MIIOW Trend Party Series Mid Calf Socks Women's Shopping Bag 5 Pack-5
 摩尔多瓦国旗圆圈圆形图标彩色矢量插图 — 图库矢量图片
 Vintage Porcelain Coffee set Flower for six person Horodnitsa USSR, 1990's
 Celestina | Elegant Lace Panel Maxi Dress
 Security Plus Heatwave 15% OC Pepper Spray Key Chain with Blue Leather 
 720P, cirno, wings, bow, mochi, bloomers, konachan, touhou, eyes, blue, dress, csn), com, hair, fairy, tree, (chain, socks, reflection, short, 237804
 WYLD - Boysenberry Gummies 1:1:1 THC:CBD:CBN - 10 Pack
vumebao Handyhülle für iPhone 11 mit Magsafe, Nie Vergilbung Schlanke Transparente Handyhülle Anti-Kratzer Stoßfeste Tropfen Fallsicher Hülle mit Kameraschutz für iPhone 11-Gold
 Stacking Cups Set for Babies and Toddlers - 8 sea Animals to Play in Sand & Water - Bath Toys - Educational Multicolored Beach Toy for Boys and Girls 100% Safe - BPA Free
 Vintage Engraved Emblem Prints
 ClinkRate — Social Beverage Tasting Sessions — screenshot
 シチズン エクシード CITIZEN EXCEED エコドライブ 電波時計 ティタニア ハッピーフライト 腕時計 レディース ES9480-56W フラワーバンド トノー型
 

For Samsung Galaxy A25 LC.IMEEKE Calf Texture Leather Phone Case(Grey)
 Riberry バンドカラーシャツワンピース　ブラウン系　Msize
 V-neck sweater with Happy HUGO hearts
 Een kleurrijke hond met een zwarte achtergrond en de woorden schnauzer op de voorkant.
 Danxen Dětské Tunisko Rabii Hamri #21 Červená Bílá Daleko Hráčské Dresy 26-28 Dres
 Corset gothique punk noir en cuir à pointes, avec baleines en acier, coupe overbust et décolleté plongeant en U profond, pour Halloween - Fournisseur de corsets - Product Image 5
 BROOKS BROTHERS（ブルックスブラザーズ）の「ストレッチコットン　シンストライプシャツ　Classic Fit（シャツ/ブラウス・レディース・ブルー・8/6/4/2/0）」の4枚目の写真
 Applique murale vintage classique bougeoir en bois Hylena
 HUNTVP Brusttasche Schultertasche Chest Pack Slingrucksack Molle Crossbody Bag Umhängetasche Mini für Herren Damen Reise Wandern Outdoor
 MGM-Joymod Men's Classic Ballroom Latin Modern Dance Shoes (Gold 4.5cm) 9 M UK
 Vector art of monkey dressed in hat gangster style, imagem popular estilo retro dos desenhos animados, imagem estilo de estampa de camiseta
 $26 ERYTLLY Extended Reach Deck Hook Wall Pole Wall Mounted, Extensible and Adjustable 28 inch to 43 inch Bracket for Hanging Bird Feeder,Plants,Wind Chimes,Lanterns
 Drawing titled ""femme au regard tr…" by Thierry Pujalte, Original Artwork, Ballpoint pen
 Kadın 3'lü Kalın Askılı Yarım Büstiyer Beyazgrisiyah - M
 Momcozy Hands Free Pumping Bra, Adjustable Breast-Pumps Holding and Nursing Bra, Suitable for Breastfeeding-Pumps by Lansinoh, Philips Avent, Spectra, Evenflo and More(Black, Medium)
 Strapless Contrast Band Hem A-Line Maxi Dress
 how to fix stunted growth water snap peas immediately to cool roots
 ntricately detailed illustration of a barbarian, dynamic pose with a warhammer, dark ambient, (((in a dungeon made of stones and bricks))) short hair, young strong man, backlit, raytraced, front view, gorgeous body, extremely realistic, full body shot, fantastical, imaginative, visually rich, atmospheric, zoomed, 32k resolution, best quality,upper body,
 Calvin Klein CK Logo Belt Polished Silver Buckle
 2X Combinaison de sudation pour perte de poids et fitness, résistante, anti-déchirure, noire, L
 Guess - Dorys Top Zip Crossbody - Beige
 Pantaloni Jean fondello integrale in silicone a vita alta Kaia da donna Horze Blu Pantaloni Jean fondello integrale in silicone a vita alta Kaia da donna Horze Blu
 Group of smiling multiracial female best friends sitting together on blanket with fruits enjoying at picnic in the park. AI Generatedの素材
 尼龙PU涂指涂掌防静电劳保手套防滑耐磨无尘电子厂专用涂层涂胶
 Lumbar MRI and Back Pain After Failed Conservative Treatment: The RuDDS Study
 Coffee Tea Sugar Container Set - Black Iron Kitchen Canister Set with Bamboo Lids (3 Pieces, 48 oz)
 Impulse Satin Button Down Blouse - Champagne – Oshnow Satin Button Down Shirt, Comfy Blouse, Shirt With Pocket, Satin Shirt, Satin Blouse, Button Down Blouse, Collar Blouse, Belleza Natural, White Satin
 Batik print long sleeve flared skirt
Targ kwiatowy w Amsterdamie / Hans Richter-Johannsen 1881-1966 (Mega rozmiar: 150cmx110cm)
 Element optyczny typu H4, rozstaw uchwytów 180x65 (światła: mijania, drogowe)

**EXERCISE DETAILS**
Lines from the first one above through the line containing "Celestina | Elegant Lace Panel Maxi Dress" are to be retyped exactly, both included, and nothing more.

**EXERCISE RESPONSE**
MIIOW Trend Party Series Mid Calf Socks Women's Shopping Bag 5 Pack-5
 摩尔多瓦国旗圆圈圆形图标彩色矢量插图 — 图库矢量图片
 Vintage Porcelain Coffee set Flower for six person Horodnitsa USSR, 1990's
 Celestina | Elegant Lace Panel Maxi Dress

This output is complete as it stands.